- [What is being asked]
What you return should be only the lines starting at the one that contains "A woman with" and running to the end of the listing, exactly as written, minus any pictures.

- [Data provided]
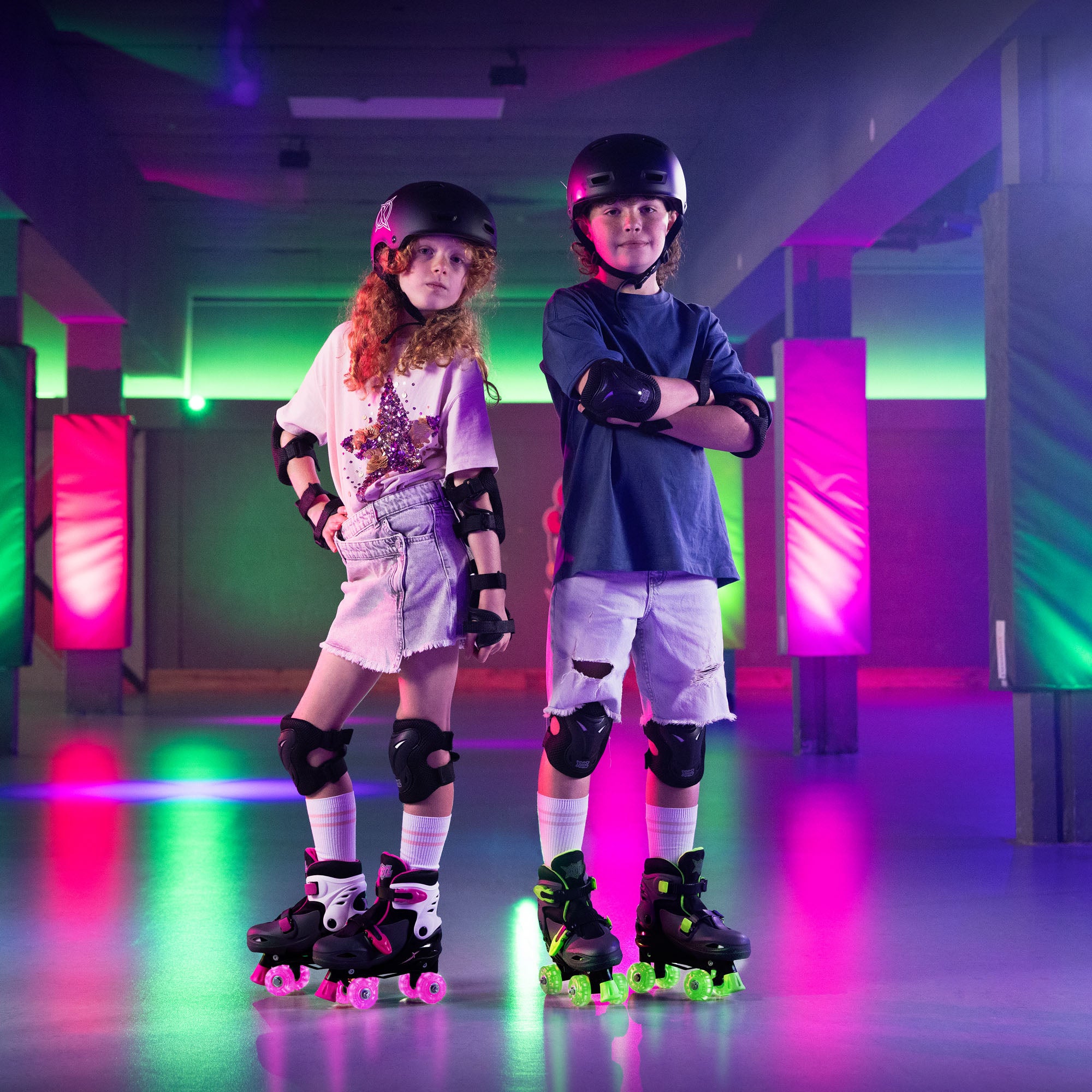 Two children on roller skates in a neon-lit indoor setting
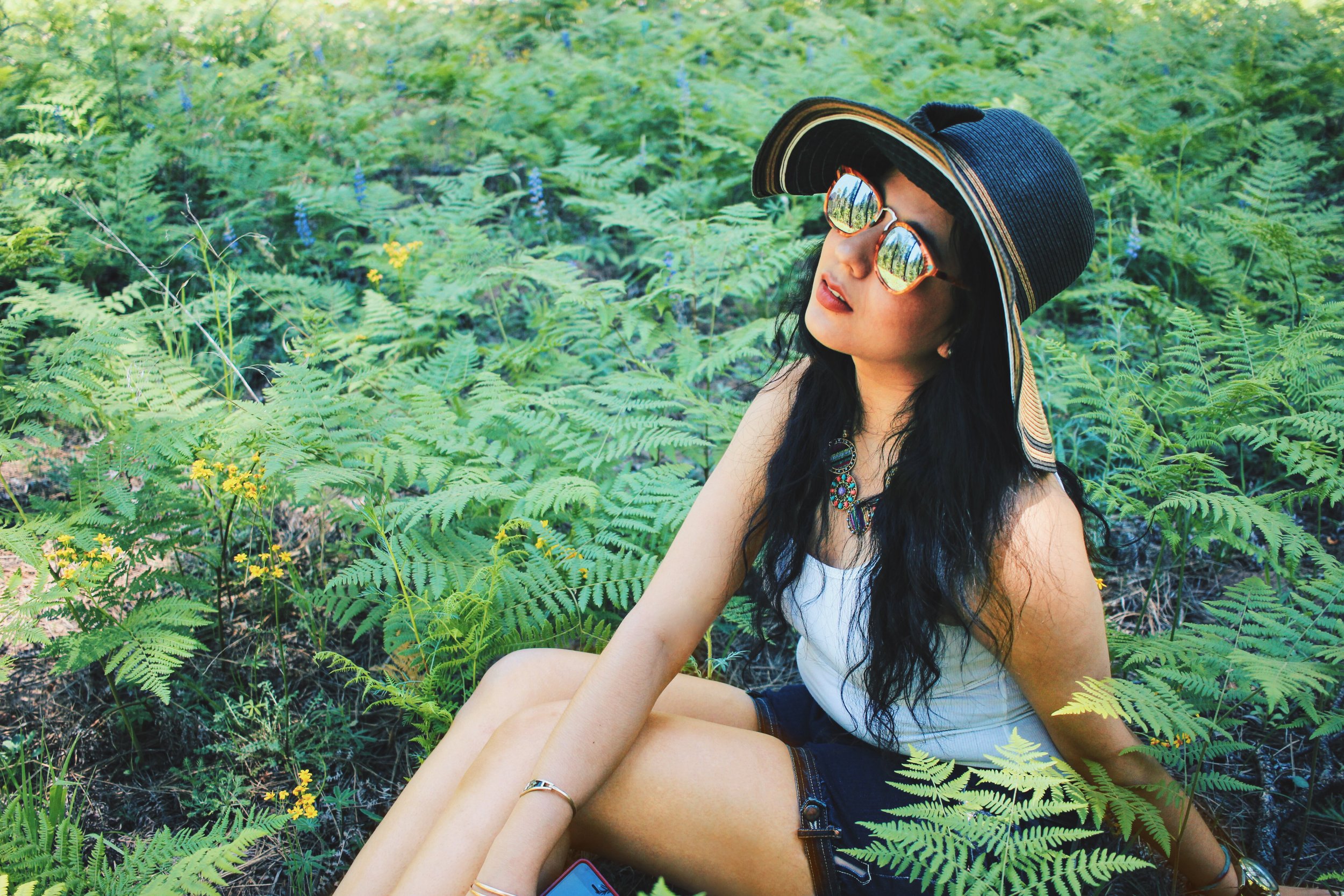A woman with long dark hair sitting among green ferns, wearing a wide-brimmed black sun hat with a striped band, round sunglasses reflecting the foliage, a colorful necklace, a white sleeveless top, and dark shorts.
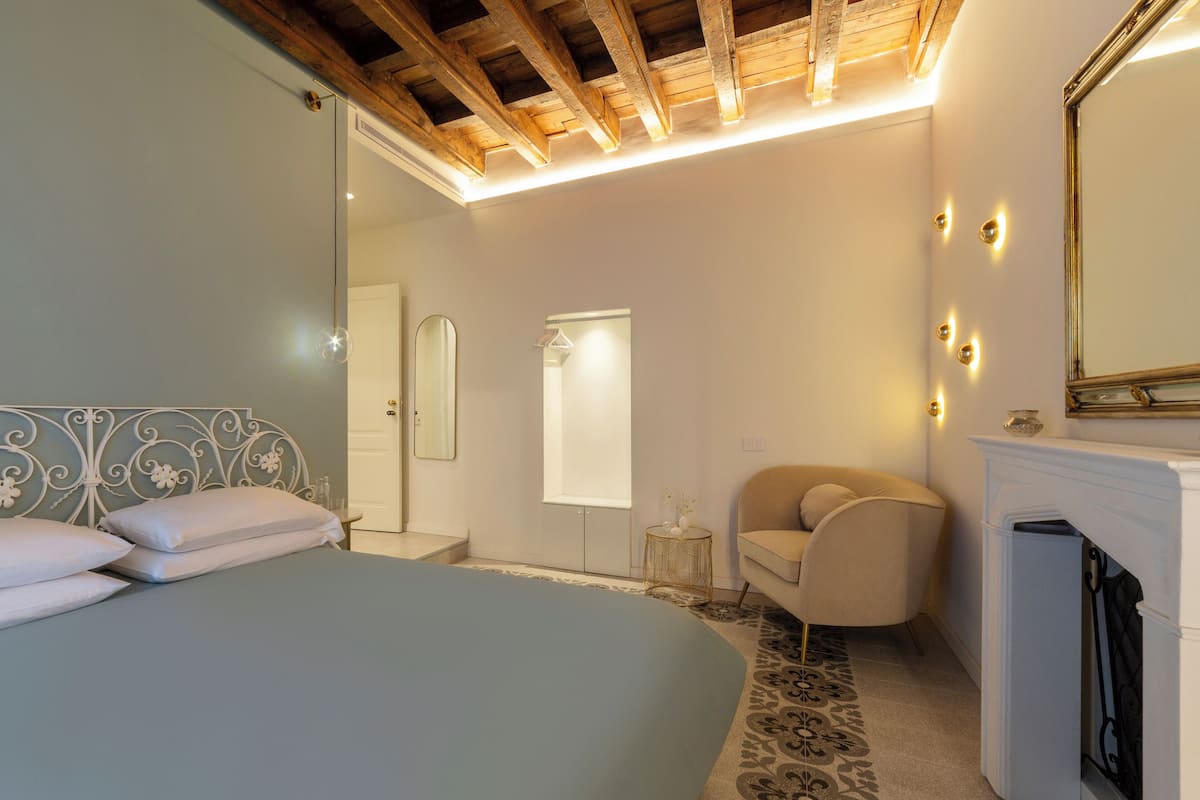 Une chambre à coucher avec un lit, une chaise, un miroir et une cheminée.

- [The answer]
A woman with long dark hair sitting among green ferns, wearing a wide-brimmed black sun hat with a striped band, round sunglasses reflecting the foliage, a colorful necklace, a white sleeveless top, and dark shorts.
 Une chambre à coucher avec un lit, une chaise, un miroir et une cheminée.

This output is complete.